Gilmore doubts, however, that a strict cause-and-effect relationship
between drugs and the Internet can be proved. The type of person who's
inspired by the possibility of creating new ways of storing and
sharing knowledge, he said, is often the same kind interested in
consciousness exploration. At a basic level, both endeavors are a
search for something outside of everyday reality--but so are many
creative and spiritual undertakings, many of them strictly drug-free.
But it's true, Gilmore noted, that people do come to conclusions and
experience revelations while tripping. Perhaps some of those
revelations have turned up in programming code.
And perhaps in other scientific areas, too.
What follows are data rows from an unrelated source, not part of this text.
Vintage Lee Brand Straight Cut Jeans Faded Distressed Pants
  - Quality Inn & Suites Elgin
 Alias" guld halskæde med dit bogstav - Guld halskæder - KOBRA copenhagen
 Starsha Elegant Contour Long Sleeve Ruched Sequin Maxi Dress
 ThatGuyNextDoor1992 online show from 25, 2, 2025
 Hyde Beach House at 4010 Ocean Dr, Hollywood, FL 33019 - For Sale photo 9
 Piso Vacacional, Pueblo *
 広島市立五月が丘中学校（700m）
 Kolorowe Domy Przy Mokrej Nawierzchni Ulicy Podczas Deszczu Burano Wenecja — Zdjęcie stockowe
According to Gilmore, the
maverick surfer/chemist Kary Mullis, a well-known LSD enthusiast, told
him that acid helped him develop the polymerase chain reaction, a
crucial breakthrough for biochemistry. The advance won him the Nobel
Prize in 1993. And according to reporter Alun Reese, Francis Crick,
who discovered DNA along with James Watson, told friends that he first
saw the double-helix structure while tripping on LSD.
It's no secret that Crick took acid; he also publicly advocated the
legalization of marijuana. Reese, who reported the story for a British
wire service after Crick's death, said that when he spoke with Crick
about what he'd heard from the scientist's friends, he "listened with
rapt, amused attention" and "gave no intimation of surprise. When I
had finished, he said, 'Print a word of it and I'll sue.'"
The letter from Hofmann to Jobs, transcribed below if you have
difficulty viewing:
DearSteve -
Dear Mr. Steve Jobs,
Hello from Albert Hofmann. I understand from media accounts that you
feel LSD helped you creatively in your development of Apple computers
and your personal spiritual quest. I'm interested in learning more
about how LSD was useful to you.
I'm writing now, shortly after my 101st birthday, to request that you
support Swiss psychiatrist Dr. Peter Gasser's proposed study of
LSD-assisted psychotherapy in subjects with anxiety associated with
life-threatening illness. This will become the first LSD-assisted
psychotherapy study in over 35 years.
I hope you will help in the transformation of my problem child into a
wonder child.
Sincerely,
A. Hofmann
Dear Rick,
Thank you for all you do for my problem child. I am pleased to add
whatever I can do from my part.
I learned much from your great letter, to do things after waiting for
the right moment, how clever and careful you organize and do your work.
I do hope that my letter to Steve Jobs corresponds to your
expectation, especially what regards the choice of the writing paper.
[Doblin had asked Hofmann to use his personal letterhead. It's not
what you're thinking.] I believe that I followed your
prescription.
Hopefully Dr. Gasser will be successful with his request.